In the following, preferable embodiments of a learning device according to the present invention will be described in detail with reference to the attached drawings.

A settable range of a hyperparameter is wide, and there is a case where an influence thereof on accuracy is significant. Thus, a hyperparameter is conventionally determined, for example, by a grid search and Bayesian optimization. In such methods, learning is executed for a plurality of times and an optimal hyperparameter is determined according to a result thereof. Thus, a calculation cost to determine a hyperparameter becomes high.

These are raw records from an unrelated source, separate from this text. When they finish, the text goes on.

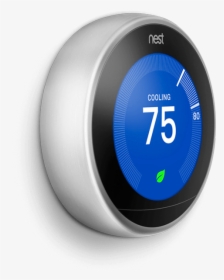 3rd Gen Nest Learning Thermostat Heating - Silver Nest Thermostat, HD Png Download, Free Download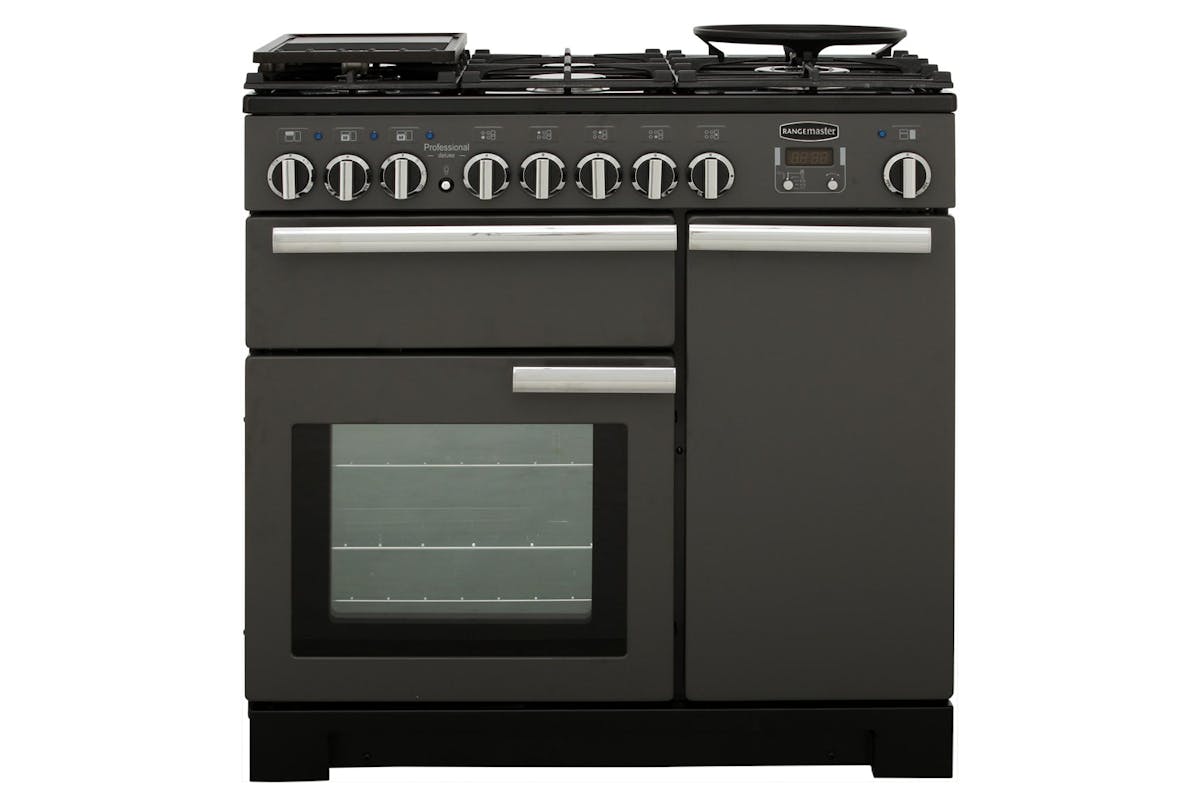 Rangemaster Professional Deluxe 90cm Dual Fuel Range Cooker | PDL90DFFGB/C | Black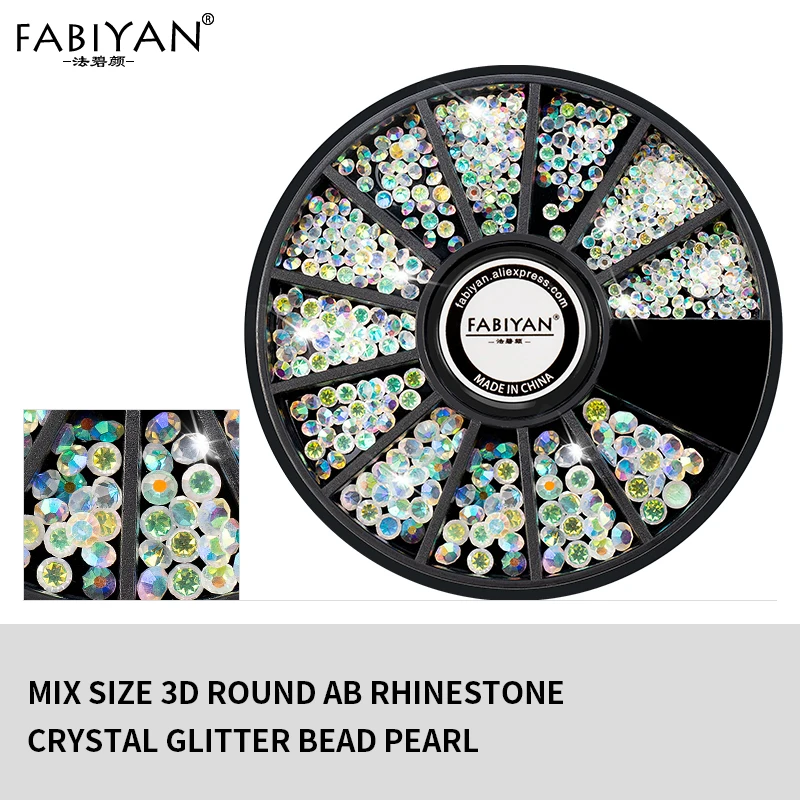 

Mix Size 3D Round AB Rhinestone Crystal Glitter Bead Pearl Wheel Nail Art Tips Jewelry Decoration DIY Manicure Accessories Tool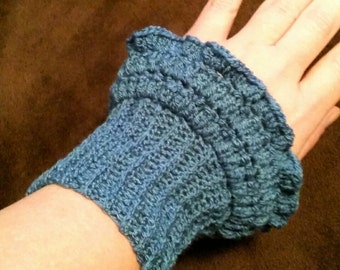 Crochet Wrist Warmers, Steel Blue, Made to order, Gift for Friend, Unique Gift, Handmade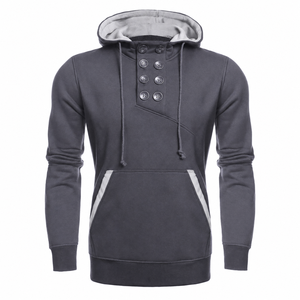 เสื้อฮู้ดผู้ชายแบบสวมหัว กระดุมสองแถว คอปก ผ้าฟลีซลำลอง มีฮู้ด - Product Image 1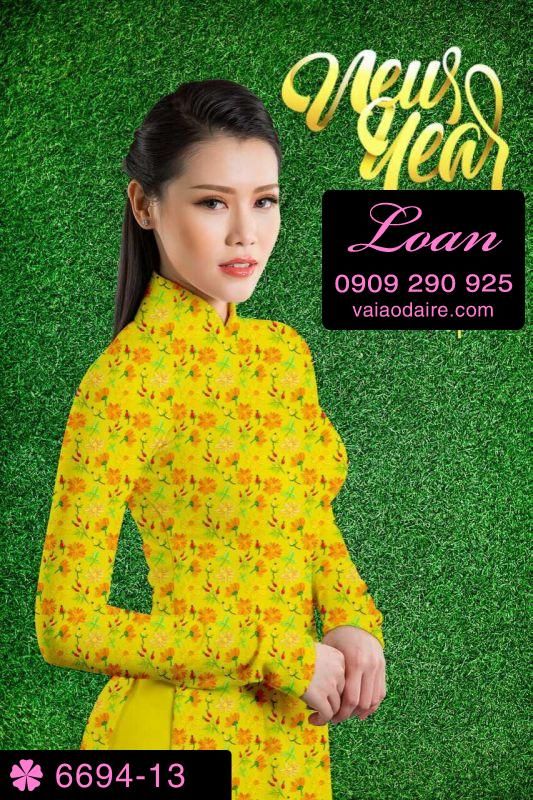 Vải áo dài hoa nhí Vải áo dài hoa nhí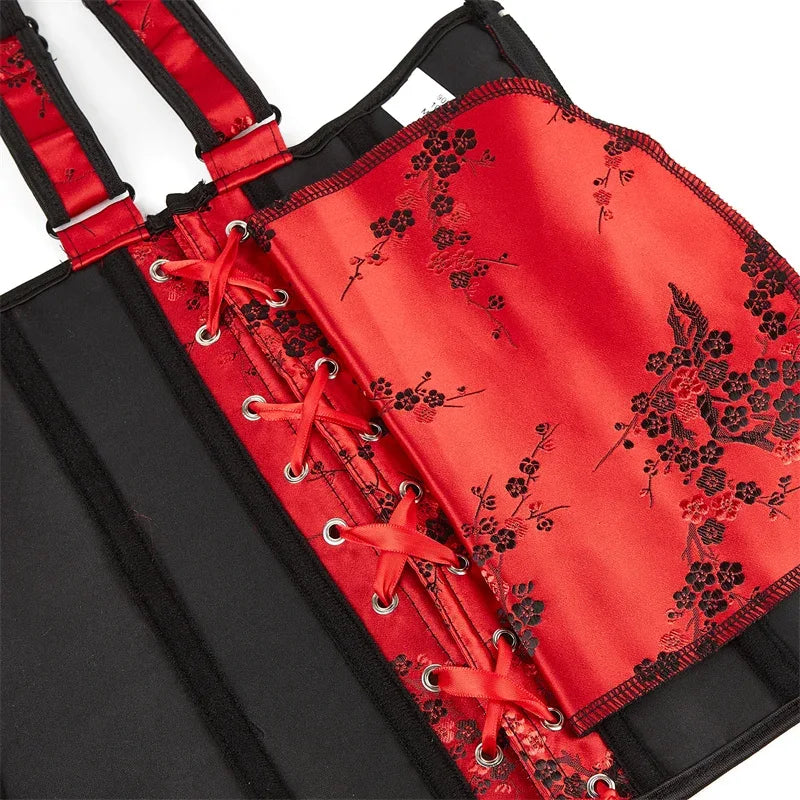 Corset Top Bustier Strap Embroidery Flower Plus Size Overbust Corselet Burlesque Sexy Lingerie Women Red Black DropShipping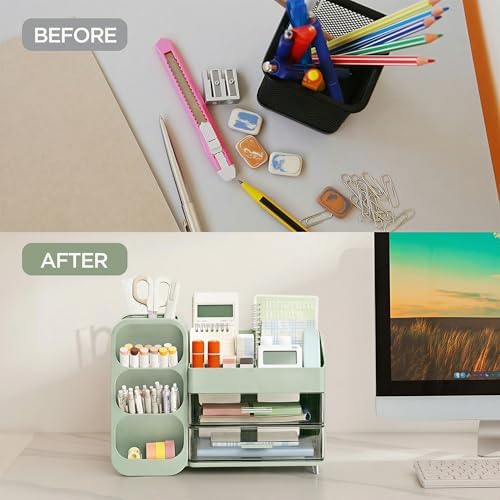 HBlife Desk Organizer with Pen Pencil Holder for Desk, Pen Organizer with 2 Drawers, Desk Organizers and Accessories with 4 Compartments, Desktop Storage for Office Home School Art Supplies, Green - Image 6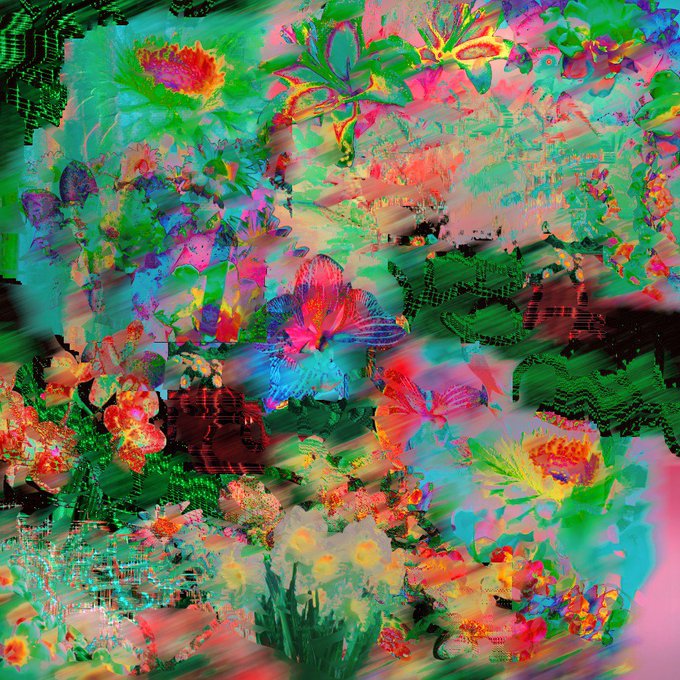 An abstract, brightly colored digital artwork with floral and organic shapes in neon greens, pinks, blues, and yellows, with glitch-like distortion effects.
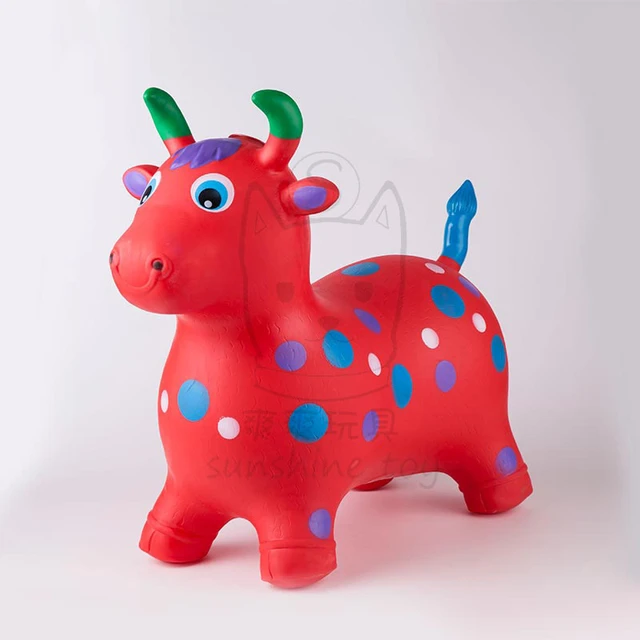 Baby Cute Inflatable Jumping Horse Bouncy Sports Games Colorful Ride on Animal Toys Children Toys for Kids 58*28*50cm 2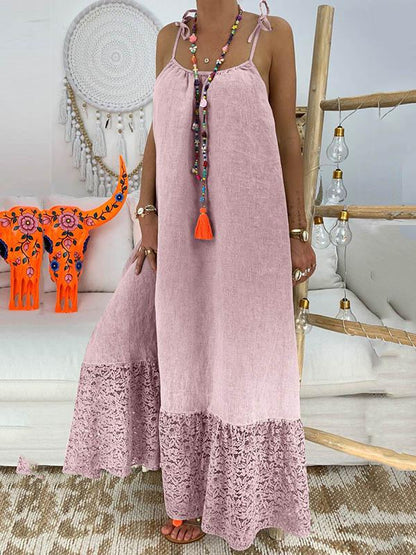 Solid Split-joint Maxi Dress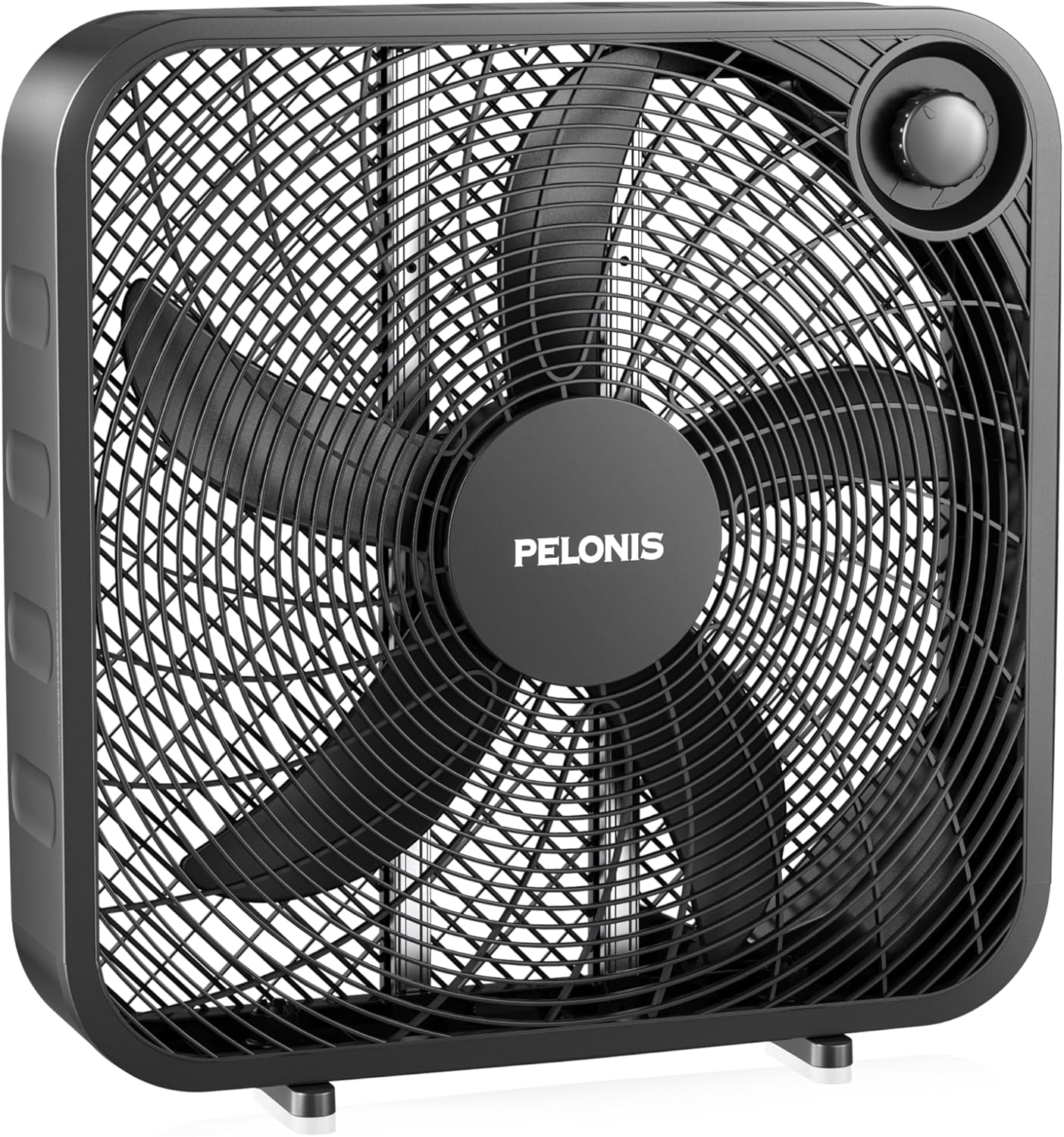 PELONIS 20" Box Fan, 3 Speeds, 25ft/s, 2295 CFM, Lightweight, 5 Blades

In each of the following embodiments, an objective function with respect to a hyperparameter is introduced and learning of a hyperparameter is performed simultaneously with learning of a model. Accordingly, it becomes unnecessary to manually set a hyperparameter. Also, for example, since a hyperparameter can be learned simultaneously in one-time learning of a model, a calculation cost to determine a hyperparameter can be decreased. Also, it becomes possible to learn more accurate model.

The present embodiments described in the following will be described with a case where a model is learned by a virtual adversarial training (VAT) method with utilization of a neutral network as a machine learning model being an example. An applicable model is not limited to a neutral network. Also, an applicable learning method is not limited to a VAT method. For example, a different learning method such as gradient boosting may be used. For example, a support vector machine (SVM) or the like may be used.

First Embodiment

FIG. 1 is a block diagram illustrating an example of a configuration of an information processing device 200 including a learning device 100 according to the first embodiment. The information processing device 200 is an example of a device that executes information processing using a model learned by the learning device 100. The information processing can be any kind of processing as long as the processing uses a model. For example, the information processing may be recognition processing such as speech recognition, image recognition, and character recognition using a model. Also, the information processing may be prediction processing such as prediction of abnormality of a device, and prediction of a value of a sensor (such as room temperature).

As illustrated in FIG. 1, the information processing device 200 includes the learning device 100 and a controller 201. The learning device 100 includes a learning data storage 121, a model parameter storage 122, a calculator 101, and a learner 102.

The learning data storage 121 stores a previously-prepared data set used as learning data of machine learning. The data set includes N pieces of (N is integer number equal to or larger than 1) input data xⁱ (i=1, 2, . . . , and N), and output yⁱ (i=1, 2, . . . , and N) with respect to the input data. For example, in a case where a classification problem of an image is considered, x is an image, and y is a classification label with respect to the image.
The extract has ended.